M&A is one of the most prominent areas of corporate law. It involves advising on transactions where one company buys, merges with, or acquires another. This includes everything from a small private company sale to a multibillion-dollar public company takeover. The work is primarily transactional and forward-looking — lawyers help clients structure and close deals rather than resolve disputes after the fact.
What Will You Actually Do?
- Draft and negotiate the core deal document (the purchase agreement or merger agreement)
- Conduct and manage due diligence — reviewing the target company’s contracts, liabilities, and risks
- Advise boards of directors on their fiduciary duties when considering a deal
- Coordinate with regulators (e.g., antitrust authorities) to get the deal approved
- Manage deal timelines and the many workstreams needed to close a transaction
As a Junior Lawyer, Expect To…
- Review and summarize contracts during due diligence
- Draft ancillary documents (officer’s certificates, closing checklists, board resolutions)
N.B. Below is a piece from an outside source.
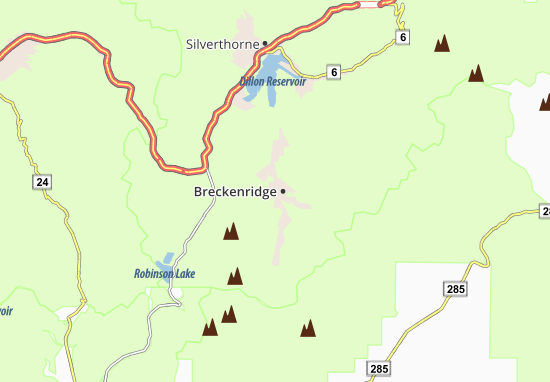 Kaart Plattegrond Breckenridge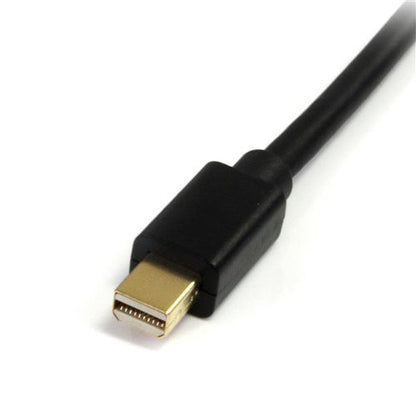 Startech.com Cable de 3m Adaptador de Mini Displayport 4k 1.2 Macho a Displayport Macho- Negro - Cable For Monitor, Dispositivo de Audio/vídeo, Tv, Portátil, Proyector - 21.6gbit/s - Admite Hasta3840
- Manage deal rooms and track open issues lists
- Coordinate with specialists in tax, employment, IP, and regulatory to keep the deal on track
This Might Be a Good Fit If You…
- Enjoy working on business problems and big transactions
- Are comfortable working under pressure with tight deadlines
- Like variety — no two deals are the same
- Want exposure to a wide range of industries and business issues
Key Terms to Know
- Due Diligence: The process of investigating a target company before a deal — reviewing its contracts, financials, liabilities, and legal risks.
- Purchase Agreement: The main contract governing the sale — sets out the price, conditions, representations, and obligations of each party.
- Representations and Warranties: Statements of fact made by the seller about the business being sold. If they turn out to be false, the buyer may have a claim.
- Closing: The moment the deal is legally completed and ownership is transferred.
- Indemnification: A promise by one party to compensate the other if certain losses occur after closing (e.g., if a hidden liability surfaces).